[Crawled caption data]

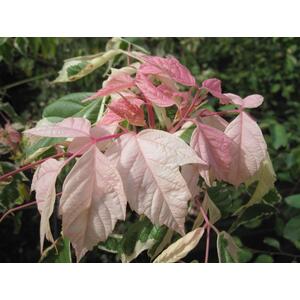 Acer Negundo Flamingo Tree, 6ft, 12L Pot by Directplants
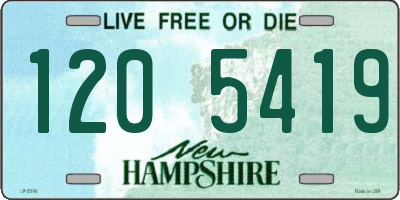 NH license plate 1205419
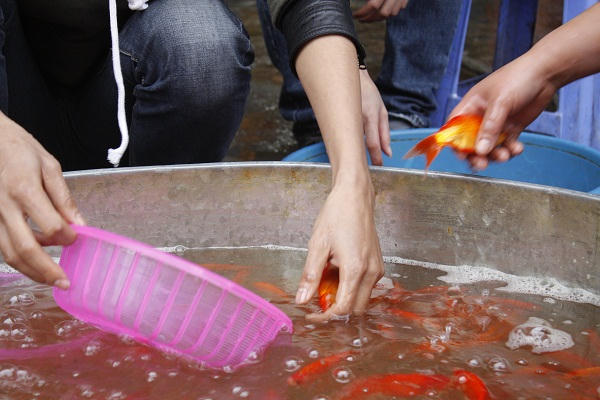 Những ngày này khách đến mua nhiều, mỗi ngày cũng bán được từ 2 đến 3 tạ - theo một tiểu thương tại chợ cho biết.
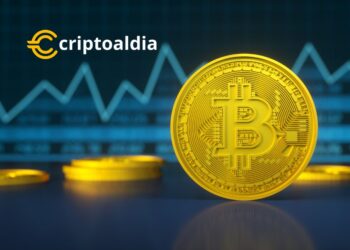 ¡»La Carrera de Bitcoin: Nuevos Inversores Contraatacan en un Juego de Paciencia»!
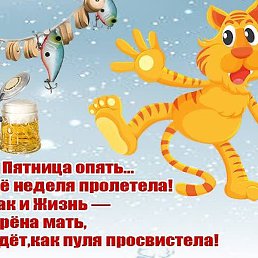 ����, �����������, 36 ���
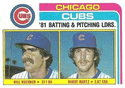 Cubs Leaders / Checklist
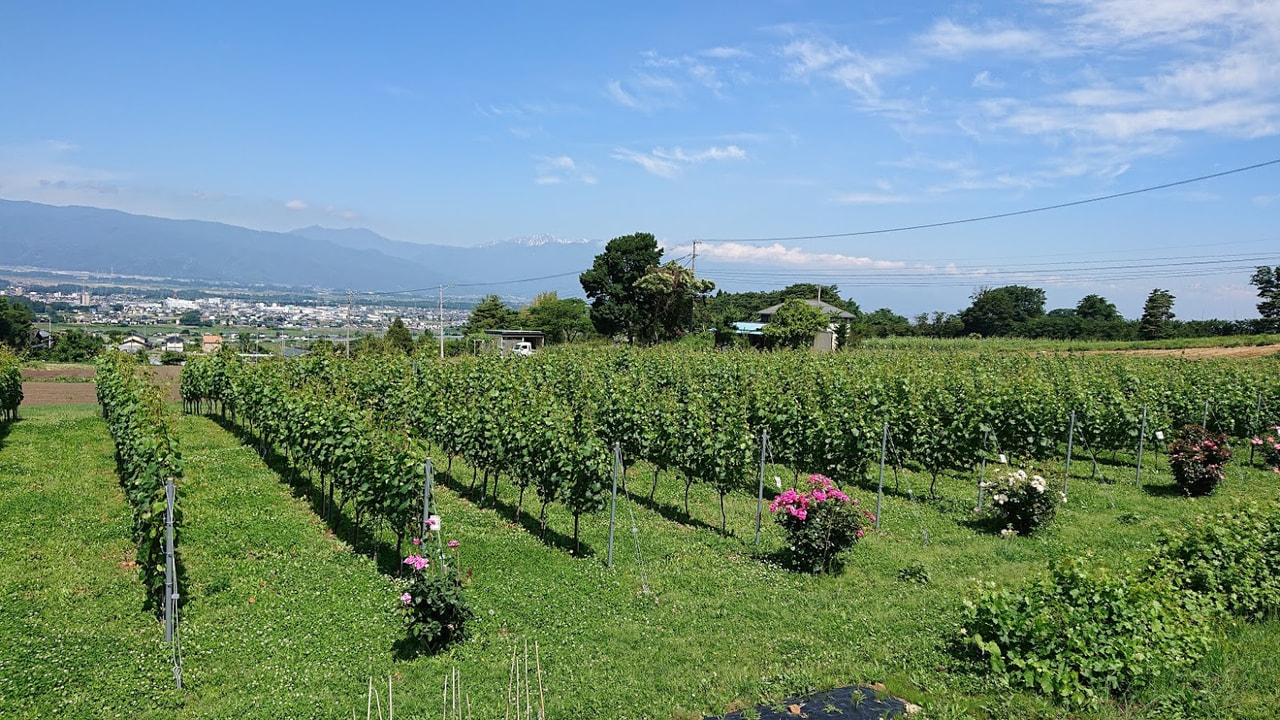 Kounishi Winery vineyard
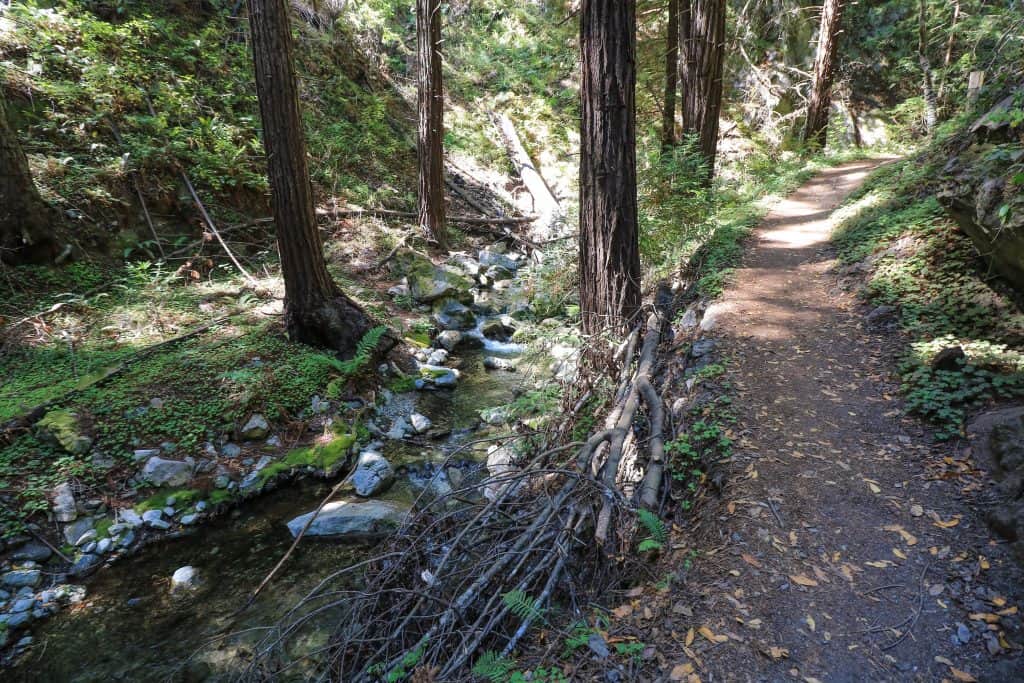 The trail that continues to the old kilns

= Instructions to follow =
Copy out all the data exactly. The images should not appear in the copy.

= Reply =
 Acer Negundo Flamingo Tree, 6ft, 12L Pot by Directplants
 NH license plate 1205419
 Những ngày này khách đến mua nhiều, mỗi ngày cũng bán được từ 2 đến 3 tạ - theo một tiểu thương tại chợ cho biết.
 ¡»La Carrera de Bitcoin: Nuevos Inversores Contraatacan en un Juego de Paciencia»!
 ����, �����������, 36 ���
 Cubs Leaders / Checklist
 Kounishi Winery vineyard
 The trail that continues to the old kilns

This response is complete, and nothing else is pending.